Od lat powiada się w Polsce, że „najtrwalsza jest prowizorka”. Postawi się jakąś budkę „na tymczasem”, a potem stoi ona przez lata, nabiera patyny. Kiedy jest sklepikiem spożywczym, zwłaszcza z wydzielonym miejscem, gdzie można usiąść, skonsumować to i owo przy pogawędce ze znajomymi, to już wrasta w lokalny klimat. Podobnie z małymi punktami usługowymi. Natomiast przysłowiowe są już ogrodzenia stawiane na czas budowy, które o lata przetrwały niejedną inwestycję. „Jak płot stoi i ochrania, to po co go rozbierać”?
Podobnie dzieje się nie tylko u nas. Większość ludzi nie tych lubi zmian, gdyż „przyzwyczajenie jest drugą naturą człowieka”. Dotyczy to nie tylko małych budowli, ale również i takich postawionych z rozmachem, za duże pieniądze, ale planowanych tylko na określony czas, mających uświetnić jakąś ważną datę czy wydarzenie. Rocznica mija, wydarzenie odeszło do lamusa historii, a budowla przetrwała i ”trwa mać”. Nikt z władz nie zająknie się nawet o ich rozbiórce, gdyż zniknąłby często charakterystyczny obiekt, po którym rozpoznaje się od razu miasto. Tradycja!

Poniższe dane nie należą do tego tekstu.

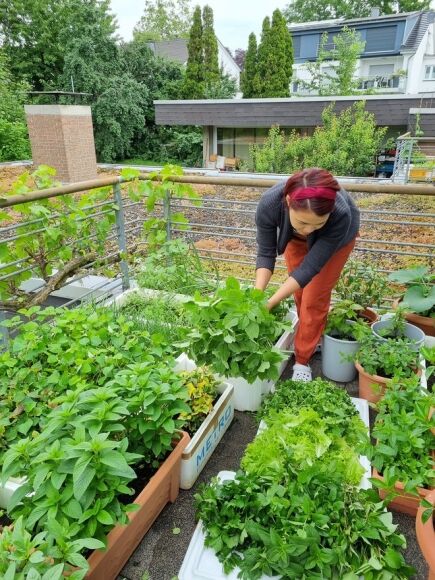 3 Rau Sieu Thi Dat Do Nguoi Phu Nu Goc Viet Bien Ban Cong Thanh Vuon O Chau Au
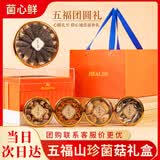 菌心鲜 菌菇礼盒210g 五宝橙山珍干货礼盒羊肚菌特产端午送长辈礼品礼盒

Przykładów jest dużo, rozsianych w Polsce i po świecie. Wspomnę tylko o dwóch. Pierwszym jest „Wieża Eiffla”, którą postawiono w mieście… – nawet nie muszę pisać, w jakim. Zbudowana została w 1889 roku, aby uświetnić wystawę światową i jednocześnie uczcić setną rocznicę rewolucji francuskiej. Po dwudziestu latach miała być zdemontowana, aby dalej symbolem ich stolicy pozostawała katedra Notre Dame. Dwadzieścia lat minęło, potem następne; dawno minął wiek od jej budowy i nawet w najbardziej szalonej głowie mera miasta nie przemknie iskra myśli o rozebraniu wieży „Żelaznej Damy”. Chyba że chciałby w trybie nagłym pożegnać się ze swoim publicznym stanowiskiem.
Projektant wieży, Gustave Eiffel, miał też udział w postawieniu Statuy Wolności w Nowym Jorku, oddanej w 1886 roku. Ona nie była jednak tymczasowa, chociaż również wzniesiono ją w okrągłą, ważną rocznicę – w stulecie ogłoszenia „Deklaracji Niepodległości St. Zjednoczonych” i była darem „od narodu francuskiego”.
Drugim przykładem, dużo bliższym naszych czasów, jest diabelski młyn, zwany Kołem Millenijnym lub Londyńskim Okiem. Jak pierwsza nazwa wskazuje – został postawiony w 1999 roku (udostępniony w marcu 2000) wyłącznie dla uczczenia nowego tysiąclecia, które miało się rozpocząć 1 stycznia 2001 roku (nie 2000, jak wielu błędnie myśli. Chociaż większość ludzi obchodziła huczniej sylwester 1999/2000, gdyż wtedy zmieniliśmy datę na ładną, okrągłą liczbę). Po pięciu latach miało zostać rozebrane. „Rozebrane”? Rozebrane?!”. Londyńskie Oko tak już wrosło w panoramę stolicy, stało się atrakcją turystyczną, że władze miasta przedłużyły pozwolenie na jego użytkowanie do 2028 roku. Taa… Powiedzcie to dzisiaj londyńczykom. Mogę założyć się o dużą kwotę, że będzie podobnie jak z Wieżą Eiffla. Miały być tymczasową budowlą, a stały się wizytówką, trwale związaną z konkretnym miastem. Tradycja!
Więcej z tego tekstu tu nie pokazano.